2.9. Role of the Funding Source
This work was supported by funds from Iranian Molecular Medicine Network and Zanjan University of Medical Sciences. Funding source in this study had no involvement in study design, the collection, analysis or interpretation of data and writing of the paper.
3.1. Genotyping for the G6PD Gene
200 normal individuals and 45 patients with AML were first screened for heterozygosity at nt.1311 of the G6PD gene. DNA from either granulocytes or lymphocytes was amplified by PCR using nested primers spanning exons 10 and 11. Products were digested with Bcl1 and examined by electrophoresis on 4% NuSieve agarose gel. Heterozygotes showed two distinguishable bands of 207 and 184 bp corresponding to the C and T alleles, respectively (Figure 1).

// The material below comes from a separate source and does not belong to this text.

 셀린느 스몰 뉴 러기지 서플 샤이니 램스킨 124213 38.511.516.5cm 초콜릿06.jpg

Fifty eight out of 200 normal individuals (29%) and 13 out of 45AML patients (28.9%) were found to be heterozygous. Our results showed that overall 29% females, in this Iranian population were heterozygous for this polymorphism.
3.2. Genotyping for the P55 Gene
All normal individuals and patients with AML were screened for heterozygosity at nt. 458 of P55 gene. Heterozygotes showed two distinguishable bands of 191 bp and 178 bp corresponding to the G and T alleles for P55 gene, respectively, (Figure 2).

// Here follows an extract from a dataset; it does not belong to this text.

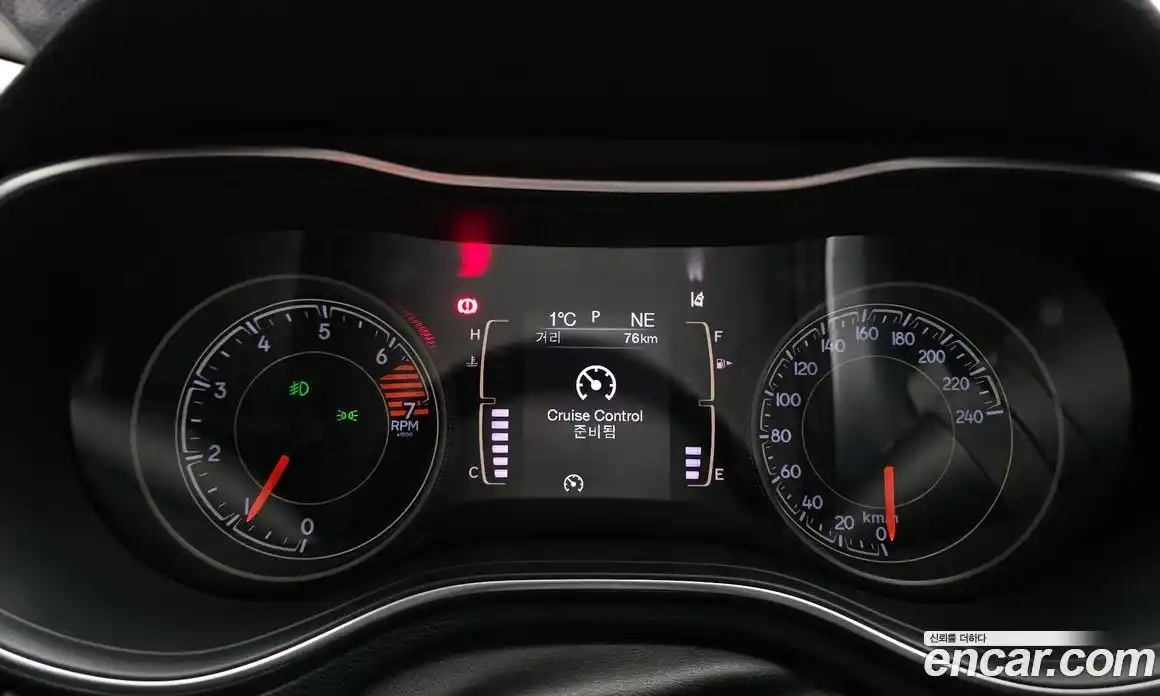 Jeep Cherokee 2018 2.4 гидро в Москве № 232735, фото 8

Heterozygosity rates for these genes in our normal individuals were 97/200 (48/5%) and in AML patients were 48.5% (22 out of 45 patients). The overall 48.6% females were heterozygous for this polymorphism.
3.3. Genotyping for the IDS Gene
All normal individuals and patients with AML were screened for heterozygosity at nt. 438 of IDS gene. Heterozygotes showed two distinguishable bands of 160 and 130 bp for IDS gene corresponding to the C and T alleles (Figure 3).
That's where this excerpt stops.